*** Block opens ***

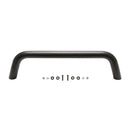 Westin 14-20 Toyota 4Runner Pro-Series Bumper Round Bull Bar - Textured Black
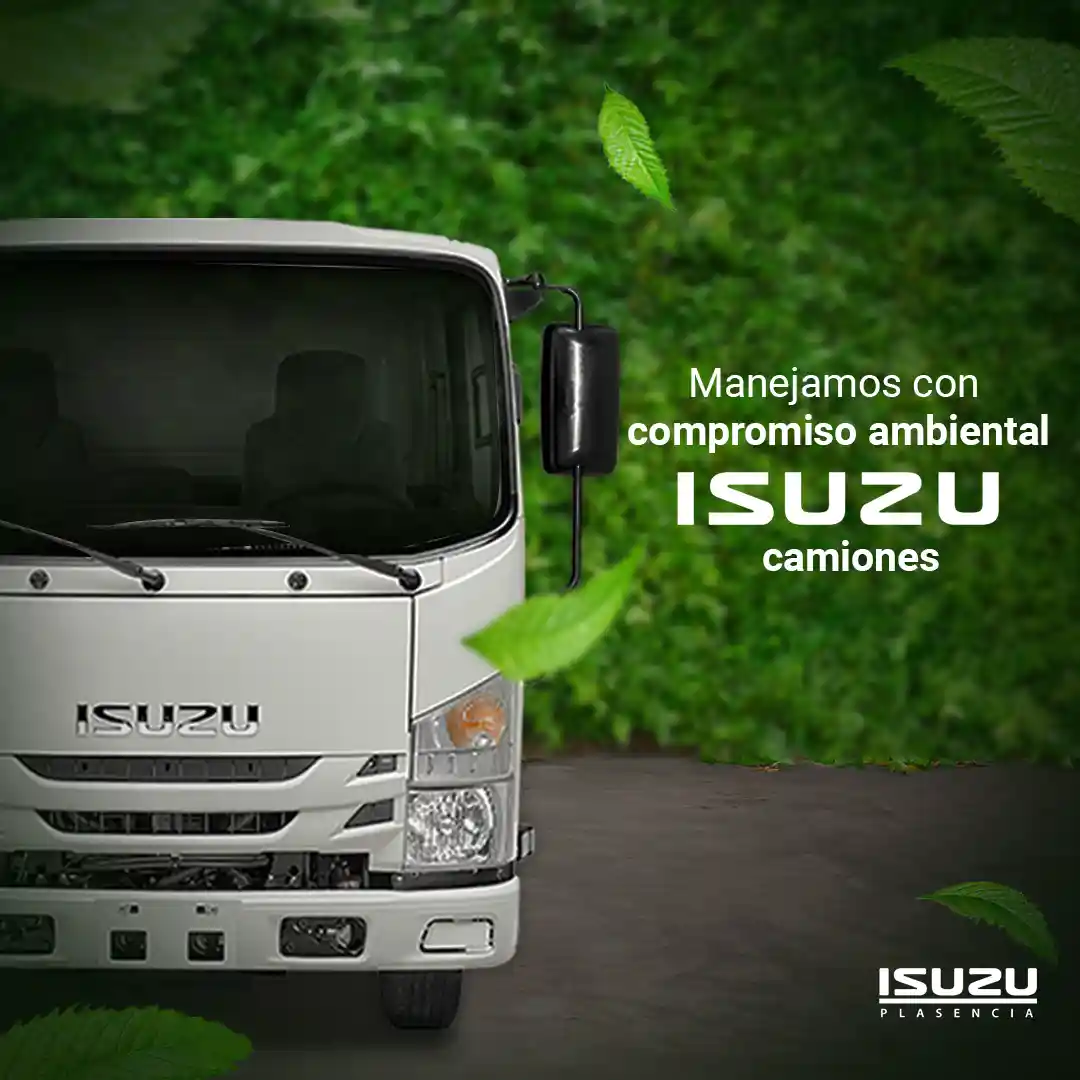 Isuzu Plasencia Colima photo 2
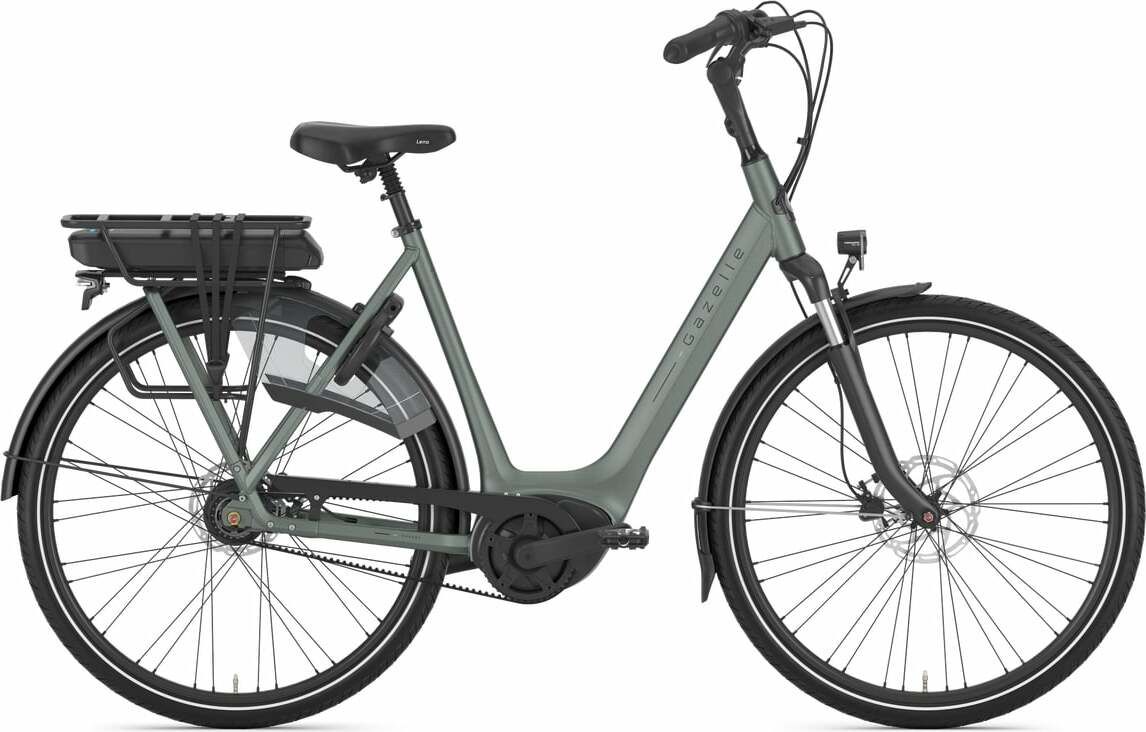 Gazelle Orange C8+ HMB 2026  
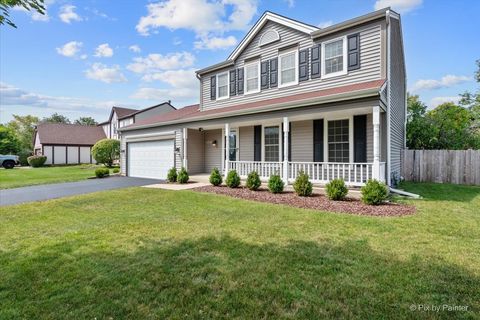 Tiny photo for 1358 WOODLAKE Drive, Carol Stream, IL 60188 (MLS # 12469646)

*** Block closes ***

*WHAT IS NEEDED*.
Could you retype exactly the lines running from the one with "Isuzu Plasencia Colima photo 2" to the end of the material above, pictures omitted?

*ANSWER TO THE PROBLEM*.
 Isuzu Plasencia Colima photo 2
 Gazelle Orange C8+ HMB 2026  
 Tiny photo for 1358 WOODLAKE Drive, Carol Stream, IL 60188 (MLS # 12469646)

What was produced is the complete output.